18 February 2016

News Story: Few Choices For US As China Militarizes South Pacific

Chinese HQ-9 launcher (Image: Wiki Commons)
By SYDNEY J. FREEDBERG JR.

WASHINGTON: Leading Republicans hastened today to denounce China’s deployment of anti-aircraft missiles to the South China Sea. But what can the US actually do about it? The arrival of the sophisticated HQ-9 missiles in the Paracel islands — claimed by Vietnam and Taiwan but occupied by China — is just the latest step in Beijing’s steady extension of military power into the Pacific, and it won’t be the last.

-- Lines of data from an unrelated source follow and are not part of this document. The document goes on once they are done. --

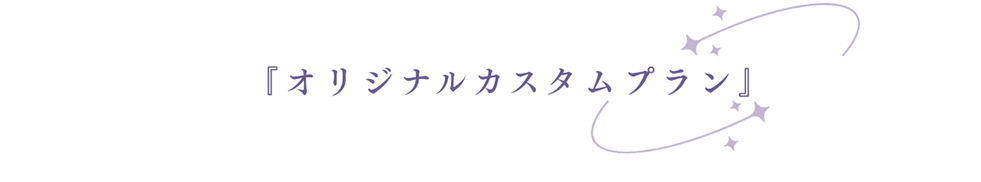 オリジナルカスタムプラン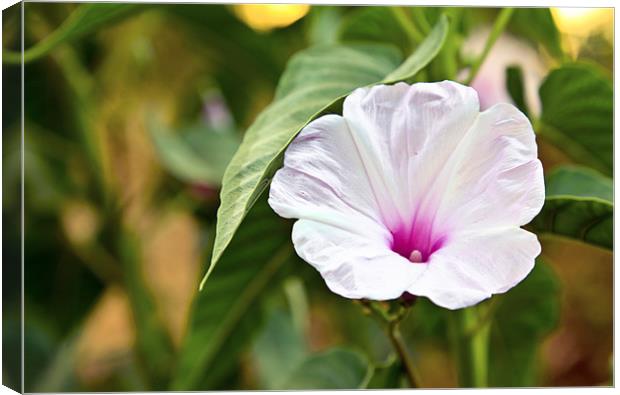 White fluted Hibiscus Canvas Print by Arfabita  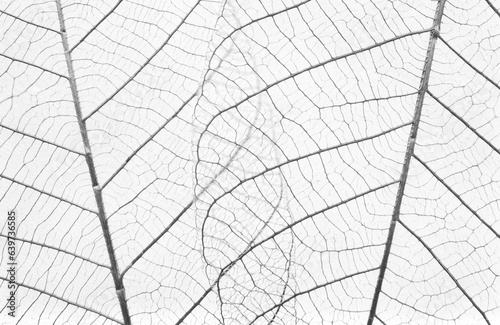Macro of Fiber structure of dry leaves texture background. skeletonized leaves on white background. Black and white leaf background.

While America reacts, struggling to figure out each move, China is pursuing a long-term strategy. The Chinese have claimed the whole South China Sea, based on the notorious Nine Dash Line drawn on the map by the Chiang Kai-Shek government they ousted in 1949. Now they’re gradually filling in that area with actual capability to control it — and they’d be doing so regardless of what the US was doing.

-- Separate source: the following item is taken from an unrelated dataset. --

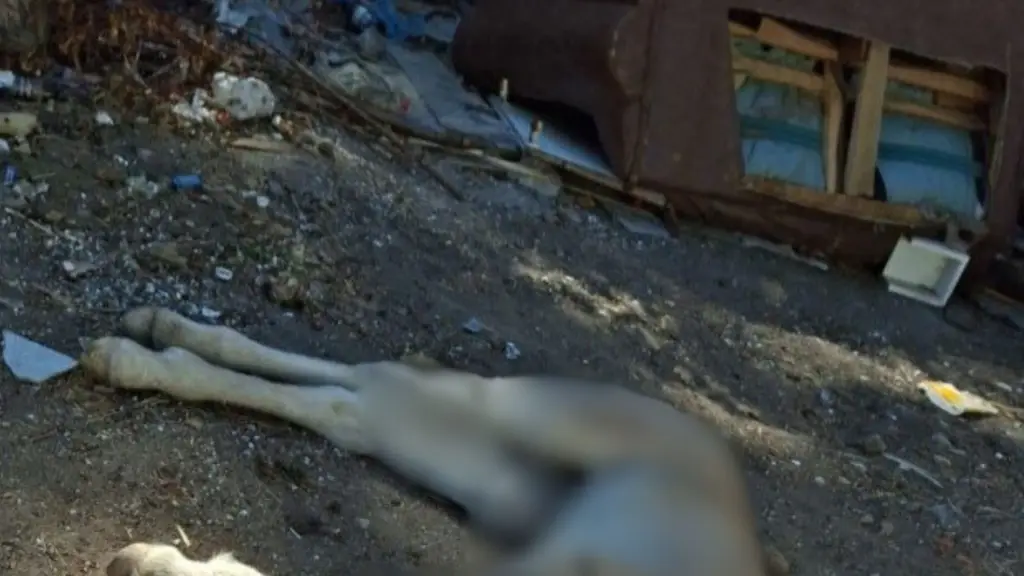 Vecinos denuncian reiterado abandono de animales muertos en Yumbel, Diario La Tribuna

Yes, the Paracels are where a US Navy destroyer conducted a Freedom Of Navigation Operation (FONOPS) last month challenging Chinese territorial claims. But was that operation the cause of the Chinese deployment or just a pretext for it? Two leading experts from different parts of the political spectrum both told me: pretext.

“The Chinese are pointing to the US operations — the FONOPS and our increased exercises in the region — and trying to pin blame on the United States. It’s a convenient justification,” said Bonnie Glaser of the militantly centrist Center for Security & International Studies. “This is really part of a plan that the Chinese have to put in place capabilities that will enable them to exert greater control over airspace and sea-space.”

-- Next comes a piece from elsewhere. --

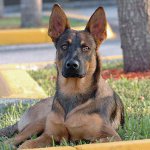 Racer af hunde: Belgian Shepherd Malinois Racer af hunde: Belgian Shepherd Malinois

External events like American operations, the recent electoral victory of Taiwan’s pro-independence party, and the just-concluded Association of South-East Asian Nations (ASEAN) summit in California may have shaped the timing and tactics of Chinese actions, said Dean Cheng of the conservative Heritage Foundation. But what’s driving the decisions is a long-term strategy to dominate the South China Sea and president Xi Jinping‘s determination to appear a strong champion of Chinese nationalism.